As to the rest, the Sparc is very very far behind on the
price/performance curve at this point. I wouldn't even vaguely
Cache size is of course quite important on modern machines, because
main memory continues to lag far behind the speed of the cache. Taking
a cache miss means your processor sits around twiddling its thumbs for
a very long time, so you want as few cache misses as possible. That
said, the precise size of cache that is important to you is totally
dependent on the specific problem you are working on. Some problems
fit in fairly small caches, some need very large caches. "It depends."
Of course, since you can't buy cache separately from the processor in
a modern machine, generally speaking this isn't something to do
separately from the processor decision -- if you've benchmarked a
particular processor and it works best, you know the cache it has is
the best for your problem.
RAM size is also an issue. On a modern machine, you want to avoid ever
getting page faults because paging something in is Very Very Very
Slow. That means you want enough RAM that your entire working set fits
in memory nicely. RAM is also used these days as buffer cache for file
data, so the more RAM you have, the faster file i/o ends up being if
you're doing lots of it. So, again, how much is enough depends a lot
on your problem. Different sized problems will eat different amounts
of RAM successfully. Luckily, these days RAM is dirt cheap. The
biggest issue you will have is in dealing with problems that need very
large memory spaces -- if you need an address space for your problem
with more than a gig or two of memory, you need a 64 bit
processor. (Technically, a 32 bit processor can handle 4G of address
space, but remember that in most OSes, a big chunk (sometimes half) of
the address space (not memory, address space!) is used by the OS, and
mappings for the stack, shared libraries, etc., will make it
impossible to truly use all the rest.) The 32 bit x86 processors can
use more than 4G of RAM, but they can't devote it all to the address
space of one process -- it is only really useful if you have multiple
processes that can make use of it -- so again, if you have a problem
that needs a big address space, you want AMD 64 or the Intel stuff
with the same 64 bit extensions (but those processors aren't as fast.)

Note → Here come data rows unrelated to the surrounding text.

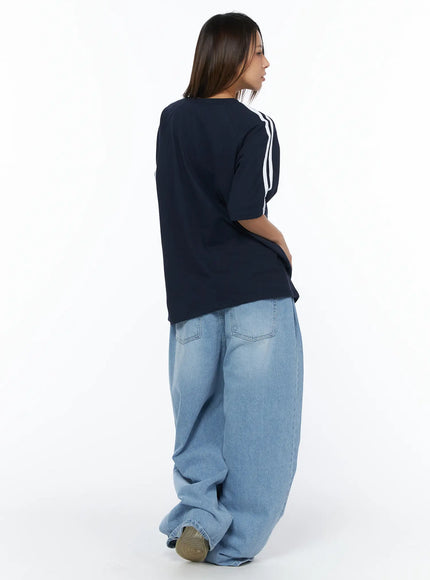 connie-wide-leg-jeans-ca516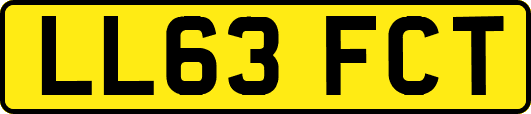 LL63FCT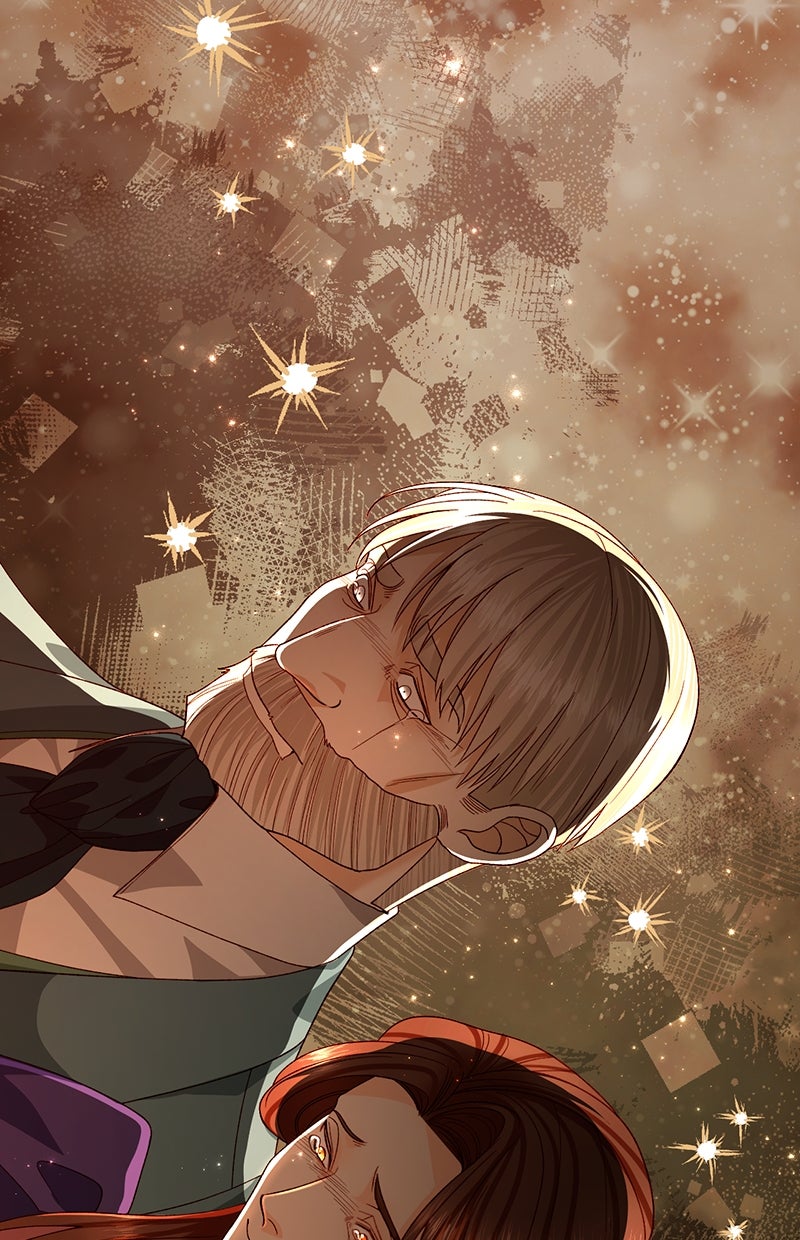 Read Die neuvermählte Kaiserin Manga Online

On the question of clusters versus MP in a single machine, again,
"that depends". Multiple processors or machines in general will only
help you if your problem is easily parallelized. If it is easily
parallelized but requires extremely tight coupling (i.e. you've got
some small places where you could vectorize but you'll lose if you
have to take a communications hit), even more than one processor won't
help. If you have somewhat looser communications constraints but need
shared RAM in order to operate effectively, you have no choice but to
use an MP machine. Here again, though, keep in mind that you have
strong limits to where you will get that way -- price/performance of
MP machines goes down sharply with the number of processors, and
affordable MP machines rarely have more than 4. Even in clusters,
though, sometimes dual processor machines make sense if you save
enough on things like power supplies, cases, etc. that you've saved
money over all. If your problem is embarrassingly parallel and you can
put it over a cluster, by all means, use a cluster. Especially with
gig E networking cards as cheap as they are now, you'll win big.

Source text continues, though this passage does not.